**TASK DIRECTIONS:**
What you write must be the lines from the one holding "Young girl dancing" through the final line of the records below, reproduced exactly, minus the pictures.

[[ DATA FOR THIS EXERCISE open ]]

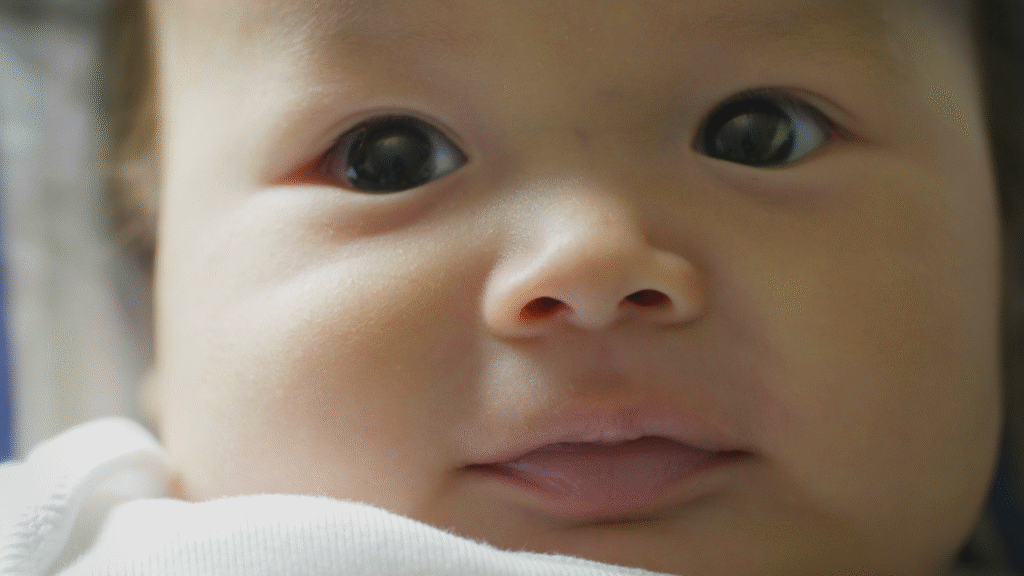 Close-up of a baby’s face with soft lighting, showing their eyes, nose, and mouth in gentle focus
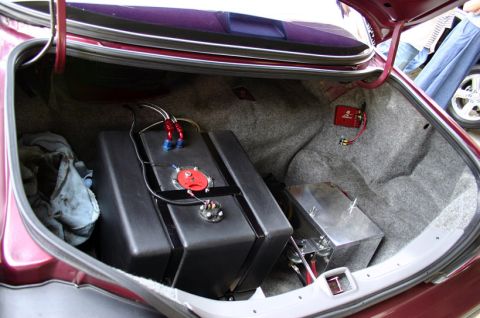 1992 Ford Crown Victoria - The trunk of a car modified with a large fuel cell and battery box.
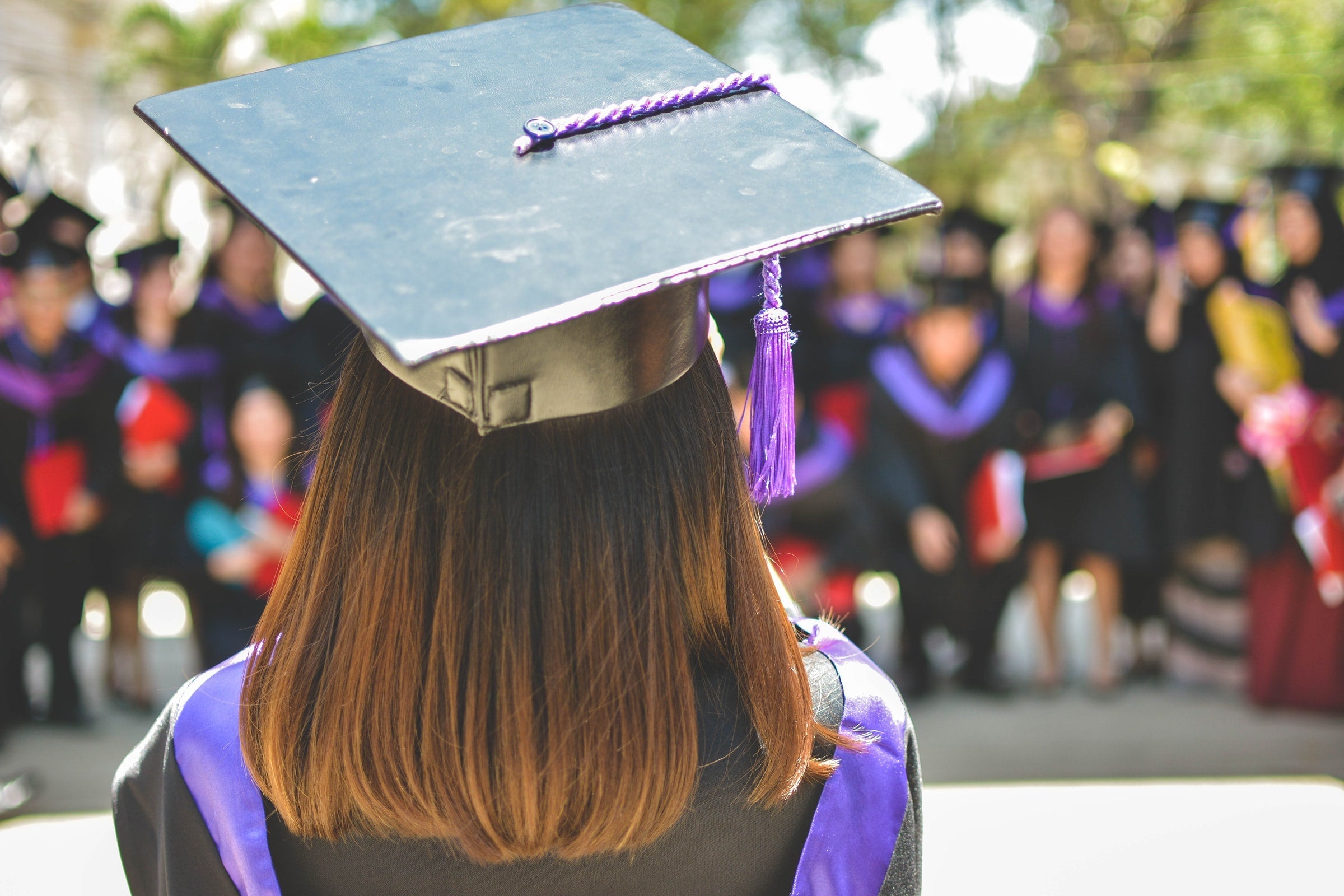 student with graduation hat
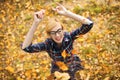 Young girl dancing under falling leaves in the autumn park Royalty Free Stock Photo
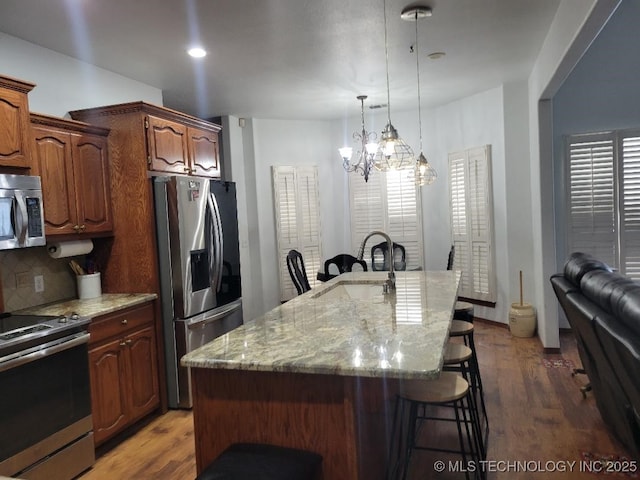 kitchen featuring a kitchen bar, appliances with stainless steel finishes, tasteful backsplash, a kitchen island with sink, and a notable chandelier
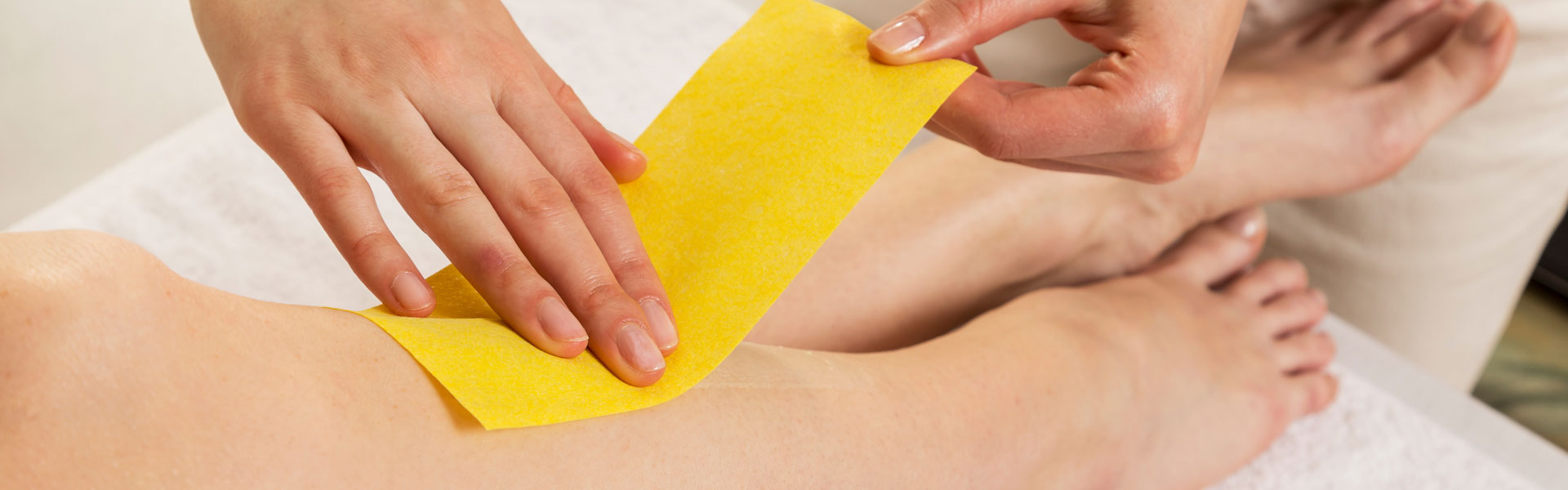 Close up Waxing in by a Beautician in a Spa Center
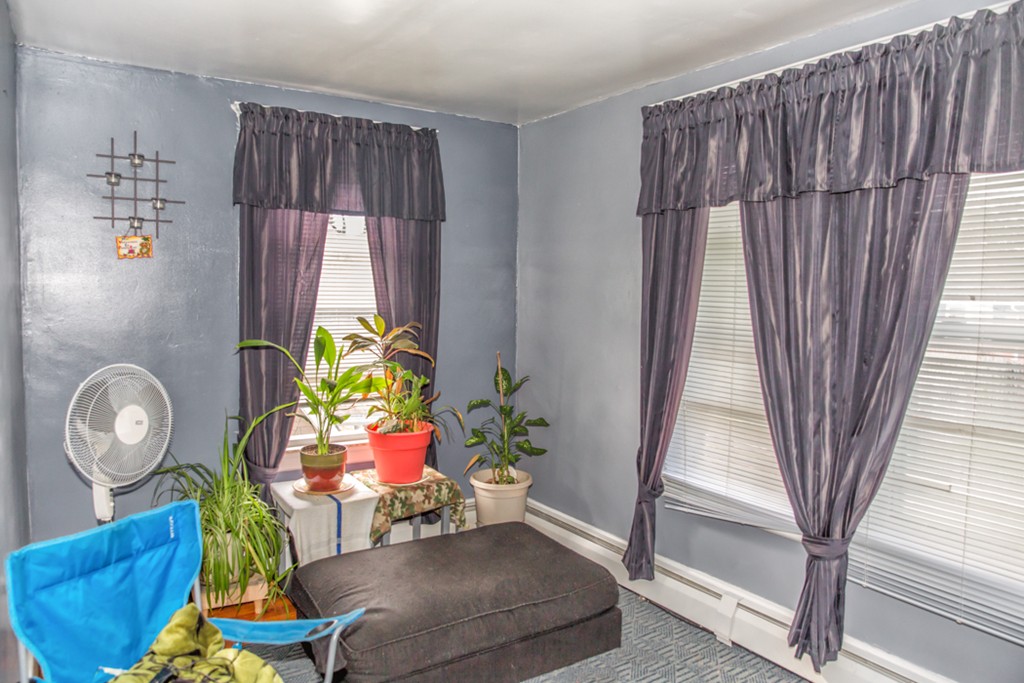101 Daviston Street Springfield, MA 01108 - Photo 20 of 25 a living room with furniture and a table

[[ DATA FOR THIS EXERCISE closed ]]

**SOLUTION TO THIS TASK:**
 Young girl dancing under falling leaves in the autumn park Royalty Free Stock Photo
 kitchen featuring a kitchen bar, appliances with stainless steel finishes, tasteful backsplash, a kitchen island with sink, and a notable chandelier
 Close up Waxing in by a Beautician in a Spa Center
101 Daviston Street Springfield, MA 01108 - Photo 20 of 25 a living room with furniture and a table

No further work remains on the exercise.